A new test to detect the protein cardiac troponin is more sensitive and specific to heart muscle damage since cardiac troponins are found only in the heart and not in any other muscles.

However, there is a time lag between the onset of heart muscle damage and the presence of cardiac troponins in the blood. Current guidelines recommend that the blood be tested several times for these proteins over 8 to 12 hours after the patient has been admitted in the hospital.

The absence of the above-mentioned proteins in the blood does not indicate an absence of heart disease but only absence of heart damage. Further testing is necessary in such cases.

Echocardiogram

An echocardiogram also called echocardiography or diagnostic cardiac ultrasound is a harmless test in which sound waves directed at the heart bounce off and are recorded electronically to provide detailed video images of the heart.

The sound waves are directed to the heart by a transducer, which is placed over the chest and captures the bounced sound waves.

An echocardiogram provides details of the damage suffered by the various parts of the heart including the heart’s chambers, valves, walls and the blood vessels (aorta, arteries, and veins).

It can be done during and after the heart attack to determine the damage to the heart and gauge its function of pumping blood.

Exercise stress test

An exercise stress test sometimes called a treadmill test (TMT) or just an exercise test gauges how well your heart functions during physical stress or exertion. You are made to walk on a treadmill or to pedal on a stationary bike, which is connected to an ECG machine.

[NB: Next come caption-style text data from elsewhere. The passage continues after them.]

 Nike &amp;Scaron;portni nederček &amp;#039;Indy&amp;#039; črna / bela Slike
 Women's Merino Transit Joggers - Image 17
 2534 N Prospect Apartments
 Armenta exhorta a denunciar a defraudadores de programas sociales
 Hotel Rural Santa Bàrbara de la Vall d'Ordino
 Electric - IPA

It is done sin the presence of medical professional.

During increasing stress, your heart and the body require more oxygen and, therefore, your heart has to work harder to pump out more blood.

This test monitors the heart rate, respiratory rate, and blood pressure during different levels of the stress.

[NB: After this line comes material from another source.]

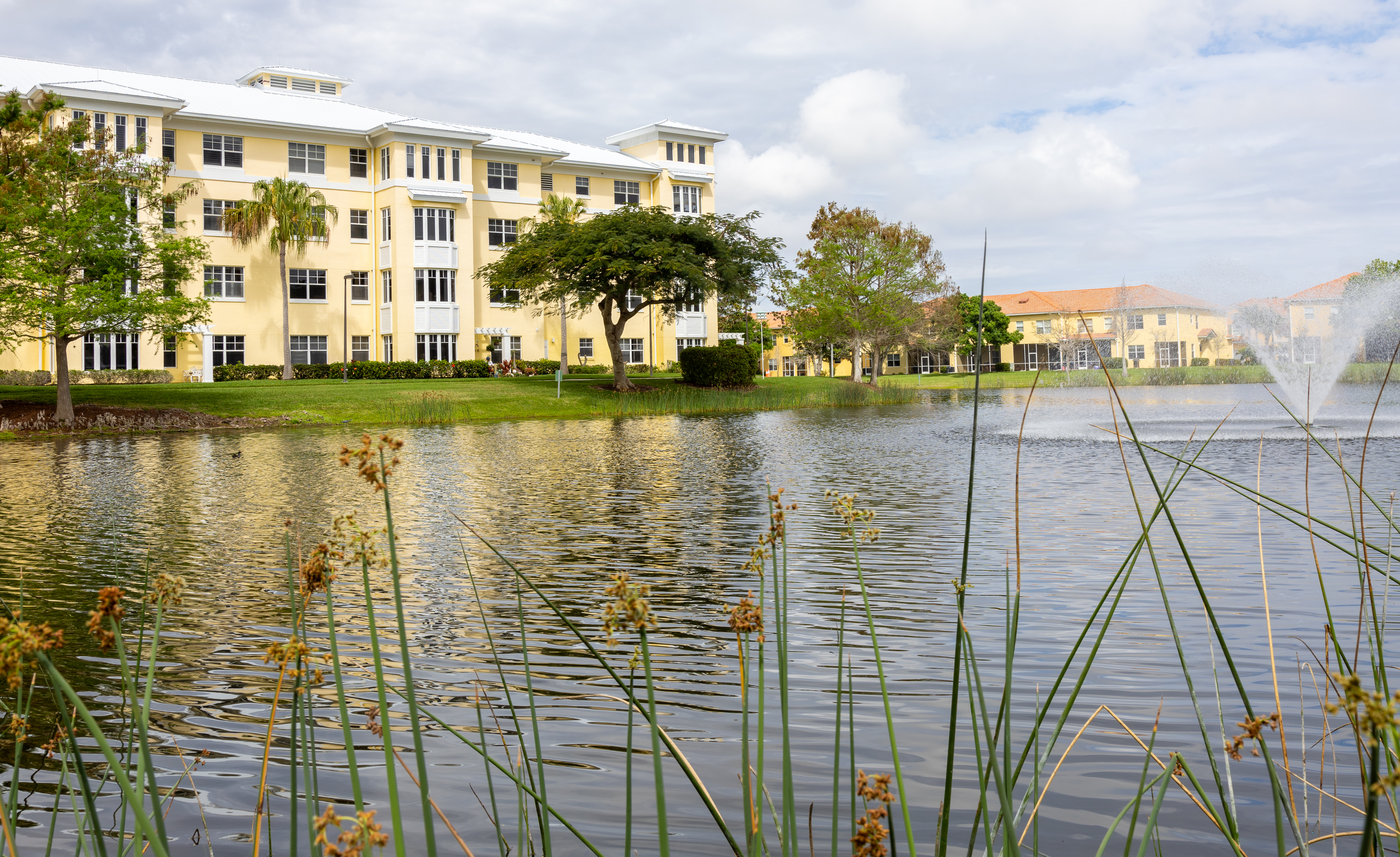 Cypress Cove at HealthPark_3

The test helps the doctor know if the blood supply to the heart during stress is reduced. It also helps to know the stress threshold of the patient – in other words the level of exercise appropriate for the patient.

 Angiogram or coronary catheterization

This imaging test helps to visualize the coronary arteries directly on x-ray and helps the doctor to know the presence and the amount of blockage in the arteries.

Procedure: A catheter, which is a long thin tube is inserted into an artery, either in your groin or the leg. It is then guided under vision on x-ray on a video screen. This is called fluoroscopy and it helps to see the catheter as it is guided through the arteries to the desired artery.

Once the catheter is in the desired position, the physician inserts a contrast dye, which is visible on x-ray. As the dye flows though the coronary artery, images are taken, which help to see the blockage in the artery, if any.

The dye is later eliminated by the body through your urine.

Cardiac computerized tomography (Cardiac CT) or magnetic resonance imaging (Cardiac MRI)

These tests help to diagnose the heart problems and also evaluate the extent of damage due to a heart attack.